WriterCon II Report
Jul. 31st, 2006 09:12 am20 July 2006 (day before)
The trip started out with some minor bobbles. I had tried to call my son in the central part of the state on Wednesday, to let him know I’d be arriving the next day so we could prepare to go to WriterCon on Friday. However, I got no answer, and I was literally taking the highway exit into the city where he lives before his mother called me back: she had worked a long night shift, turned off the ringer on the phone so she could sleep undisturbed, and then forgotten it was off.
My son was registered at WriterCon as David-T, so that’s what I’ll call him here. My plan was that we get everything ready Thursday, get up at 4:00 Friday morning, and be on the road by 5:00. While I was checking some last-minute things at the WriterCon site, however, I discovered that I had misunderstood the schedule: the first events began at 10:00 AM Friday instead of 5:00 PM, so we needed to get going almost immediately. I made this discovery about 9:00 PM Thursday evening; by 9:45, we were on the Interstate, headed for Georgia.

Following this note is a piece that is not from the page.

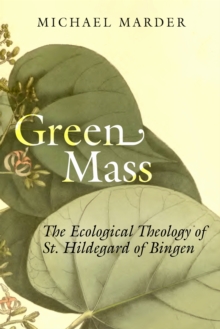 Green Mass : The Ecological Theology of St. Hildegard of Bingen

Friday 21 July 2006 (Day One)
David-T is specifically excluded from my insurance coverage (he had a couple of minor accidents with my car while I was in Afghanistan), so I did all the driving. Every hundred miles I drank a Red Bull, to keep me going. Somewhere in Alabama, we parked at a truck stop for me to try and sleep for awhile, but I dozed for only an hour and then we were going again.
It worked out almost perfectly. We got to Atlanta, and through WriterCon registration, ten minutes before the opening ceremonies began. By then my son was starting to fade — he’d slept only barely more than I had — but the day was just beginning for us.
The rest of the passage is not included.